1989 Big Ten Conference baseball tournament
- Teams: 4
- Format: Double-elimination
- Finals site: Ray Fisher Stadium; Ann Arbor, MI;
- Champions: Illinois (1st title)
- Winning coach: Augie Garrido (1st title)
- MVP: Rich Capparelli (Illinois)

= 1989 Big Ten baseball tournament =

The 1989 Big Ten Conference baseball tournament was held at Ray Fisher Stadium on the campus of the University of Michigan in Minneapolis, Minnesota, from May 19 through 20. The top four teams from the regular season participated in the double-elimination tournament, the ninth annual tournament sponsored by the Big Ten Conference to determine the league champion. won their first tournament championship and earned the Big Ten Conference's automatic bid to the 1989 NCAA Division I baseball tournament.

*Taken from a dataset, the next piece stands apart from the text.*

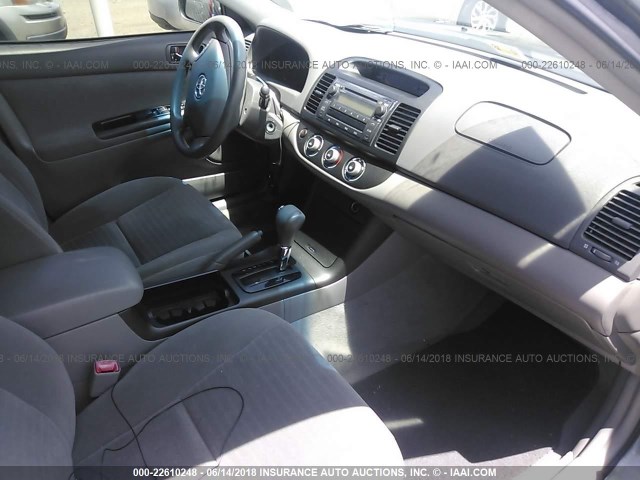 4T1BE30K05U984713 - 2005 TOYOTA CAMRY LE/XLE/SE GRAY photo 5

Illinois was the first team other than Michigan and Minnesota to win the event.

== Format and seeding ==
The 1989 tournament was a 4-team double-elimination tournament, with seeds determined by conference regular season winning percentage only. Iowa claimed the second seed by tiebreaker over Illinois

| Team | W | L | PCT | GB | Seed |
|---|---|---|---|---|---|
| Michigan | 21 | 6 | .778 | – | 1 |
| Iowa | 17 | 11 | .607 | 4.5 | 2 |
| Illinois | 17 | 11 | .607 | 4.5 | 3 |
| Ohio State | 16 | 12 | .571 | 5.5 | 4 |
| Minnesota | 15 | 12 | .556 | 6 | – |
| Northwestern | 15 | 13 | .536 | 6.5 | – |
| Michigan State | 13 | 15 | .464 | 7.5 | – |
| Purdue | 11 | 17 | .393 | 10.5 | – |
| Wisconsin | 9 | 19 | .321 | 12.5 | – |
| Indiana | 5 | 23 | .179 | 16.5 | – |

== All-Tournament Team ==
The following players were named to the All-Tournament Team.

| Pos | Name | School |
|---|---|---|
| P | Rich Capparelli | Illinois |
| P | Russell Brock | Michigan |
| C | Mark Dalesandro | Illinois |
| 1B | Tom Eiterman | Ohio State |
| 2B | Wil Parsons | Illinois |
| SS | Bob Christensen | Illinois |
| OF | Don Cuchran | Illinois |
| OF | Sean Mulligan | Illinois |
| OF | Jim Durham | Michigan |
| DH | Kourtney Thompson | Michigan |

=== Most Outstanding Player ===
Rich Capparelli was named Most Outstanding Player. Capparelli was a pitcher for Illinois.